India has been a far more settled posting. But Steiner and his wife, an art historian whom he met at the Colosseum in Italy, aren’t exactly taking it easy. The embassy has been abuzz with activity, so much so that Steiner says, “We need to slow down”. An exhibition of European modern sculptures from the National Gallery in Berlin has just ended. The artworks, now carefully packed, are waiting to be sent home. Before this, the embassy hosted its biggest event, to commemorate 25 years of the fall of the Berlin Wall. For this, Steiner got his residence transformed into the Cold War-divided Berlin. The Residence Garden was split into two halves by a huge wall — the replica of the Berlin Wall.
Steiner is good at communicating without words. By picking up activities and issues that have a larger connect, he is sending out the right signals. He came to India having learnt that this was a cricket country.

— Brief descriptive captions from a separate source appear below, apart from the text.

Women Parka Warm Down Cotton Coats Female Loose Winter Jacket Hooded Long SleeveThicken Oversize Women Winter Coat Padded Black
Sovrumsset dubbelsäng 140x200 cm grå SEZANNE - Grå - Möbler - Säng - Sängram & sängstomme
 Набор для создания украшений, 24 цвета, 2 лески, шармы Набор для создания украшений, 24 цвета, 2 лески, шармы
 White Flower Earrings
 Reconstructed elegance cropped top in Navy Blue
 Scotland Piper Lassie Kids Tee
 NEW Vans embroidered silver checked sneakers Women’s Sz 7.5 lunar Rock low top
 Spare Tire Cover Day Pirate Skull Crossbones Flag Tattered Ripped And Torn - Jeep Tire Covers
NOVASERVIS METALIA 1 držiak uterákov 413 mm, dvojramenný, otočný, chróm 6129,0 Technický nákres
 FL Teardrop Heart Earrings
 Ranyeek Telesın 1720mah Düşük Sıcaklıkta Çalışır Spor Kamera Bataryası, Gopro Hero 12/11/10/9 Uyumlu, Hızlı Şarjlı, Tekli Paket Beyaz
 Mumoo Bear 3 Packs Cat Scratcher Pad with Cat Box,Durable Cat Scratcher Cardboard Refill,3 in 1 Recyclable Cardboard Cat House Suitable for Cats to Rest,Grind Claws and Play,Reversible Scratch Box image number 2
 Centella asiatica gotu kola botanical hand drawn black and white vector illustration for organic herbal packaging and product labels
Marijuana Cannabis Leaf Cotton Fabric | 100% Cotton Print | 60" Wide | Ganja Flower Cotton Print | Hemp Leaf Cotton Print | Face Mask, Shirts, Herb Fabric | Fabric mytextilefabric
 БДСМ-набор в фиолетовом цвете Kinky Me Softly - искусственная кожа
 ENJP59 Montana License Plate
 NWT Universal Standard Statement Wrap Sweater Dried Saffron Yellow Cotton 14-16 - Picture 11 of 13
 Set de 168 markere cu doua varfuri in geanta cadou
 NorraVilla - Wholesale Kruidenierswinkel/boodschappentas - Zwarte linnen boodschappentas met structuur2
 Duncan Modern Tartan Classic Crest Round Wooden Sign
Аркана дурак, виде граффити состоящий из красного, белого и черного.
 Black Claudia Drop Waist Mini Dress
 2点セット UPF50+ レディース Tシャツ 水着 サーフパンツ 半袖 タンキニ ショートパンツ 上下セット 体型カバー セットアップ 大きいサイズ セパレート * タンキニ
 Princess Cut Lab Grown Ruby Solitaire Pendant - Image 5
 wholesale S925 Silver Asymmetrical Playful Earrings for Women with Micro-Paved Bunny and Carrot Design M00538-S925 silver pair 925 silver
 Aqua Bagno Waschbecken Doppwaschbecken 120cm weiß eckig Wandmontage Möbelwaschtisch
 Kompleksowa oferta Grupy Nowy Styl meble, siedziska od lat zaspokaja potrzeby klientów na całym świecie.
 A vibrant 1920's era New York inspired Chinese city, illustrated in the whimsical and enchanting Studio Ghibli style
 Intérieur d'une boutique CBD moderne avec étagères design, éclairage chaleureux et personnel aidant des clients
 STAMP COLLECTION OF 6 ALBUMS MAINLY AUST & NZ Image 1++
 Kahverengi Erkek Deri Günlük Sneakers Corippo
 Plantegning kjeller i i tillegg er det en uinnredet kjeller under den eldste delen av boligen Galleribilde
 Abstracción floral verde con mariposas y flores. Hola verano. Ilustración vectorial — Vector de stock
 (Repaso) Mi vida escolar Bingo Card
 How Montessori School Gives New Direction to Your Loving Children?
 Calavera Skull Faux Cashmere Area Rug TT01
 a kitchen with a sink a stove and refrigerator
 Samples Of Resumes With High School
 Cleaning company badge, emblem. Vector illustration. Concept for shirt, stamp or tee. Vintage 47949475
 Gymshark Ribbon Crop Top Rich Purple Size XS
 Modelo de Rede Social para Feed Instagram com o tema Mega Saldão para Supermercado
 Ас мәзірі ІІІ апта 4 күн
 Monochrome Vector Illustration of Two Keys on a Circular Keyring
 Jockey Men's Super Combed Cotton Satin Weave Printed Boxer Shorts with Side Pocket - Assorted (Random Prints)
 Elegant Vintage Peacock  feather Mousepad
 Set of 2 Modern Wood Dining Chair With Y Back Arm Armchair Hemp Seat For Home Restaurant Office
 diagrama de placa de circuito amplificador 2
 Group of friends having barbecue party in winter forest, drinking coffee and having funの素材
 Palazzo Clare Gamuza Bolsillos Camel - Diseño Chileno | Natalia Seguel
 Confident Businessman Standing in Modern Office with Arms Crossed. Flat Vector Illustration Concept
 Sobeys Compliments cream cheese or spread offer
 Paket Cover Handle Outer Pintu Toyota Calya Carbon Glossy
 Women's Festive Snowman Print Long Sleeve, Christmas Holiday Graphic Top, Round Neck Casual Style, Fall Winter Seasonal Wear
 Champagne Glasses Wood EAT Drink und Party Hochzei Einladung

But the football World Cup in July, when the embassy opened its gates for public projection of the matches in its compound, revealed the growing interest in the sport. “Even for matches held past midnight, the embassy was full,” says Steiner whose country won the World Cup.
In the last two-and-a-half years, Steiner and his wife, who on the morning I met the ambassador had been rounding up stray dogs at the Nehru Park along with her adopted dog, Tika Lal (because he was found with a red tika), have travelled around the country — “from Ladakh to the south”. Later this year they are doing a tour of the southern temples.
The explorations have given the diplomat a sense of India beyond Delhi. In Bihar, where he travelled by road, he met Anand Kumar and his class at Super 30. For over a decade, Patna-based Kumar has been coaching economically backward students, often 30 at a time, to crack the entrance exam for the Indian Institutes of Technology with remarkable success. “We thought the ambassador would visit us briefly, but he sat there and spoke to the children at length even as it got dark,” says Kumar. “He told them about Germany, its history in technology, how India scores in software and how the two make a positive combination.” After Steiner returned to Delhi, Kumar was surprised to get a call from him. “He knew we don’t accept financial help, so he asked me how he could help get the children admitted to universities in Germany. It was overwhelming. He thinks beyond policies, governments and countries.”
A teetotaler and a vegetarian, even though he comes from the meat and beer state of Bavaria, Steiner has a busy 2015 ahead. “Prime Minister Modi will go to Germany in April and, together with Chancellor Merkel, will open the Hannover Fair (among the largest industrial fairs of the world),” he says. India is the partner country at the fair. He says the perception of India as an investment destination has improved since he came here. His “discovery of India” tours have also opened him to the diversity of India from the investment point of view.
The diplomat with a difference is clearly redefining diplomacy. “Besides politics,” says Steiner, “the ambassador in modern diplomacy has more of a role of bringing people together and fostering cultural and economic relations.” The role of the government, he adds, is still there, but it is not the only factor.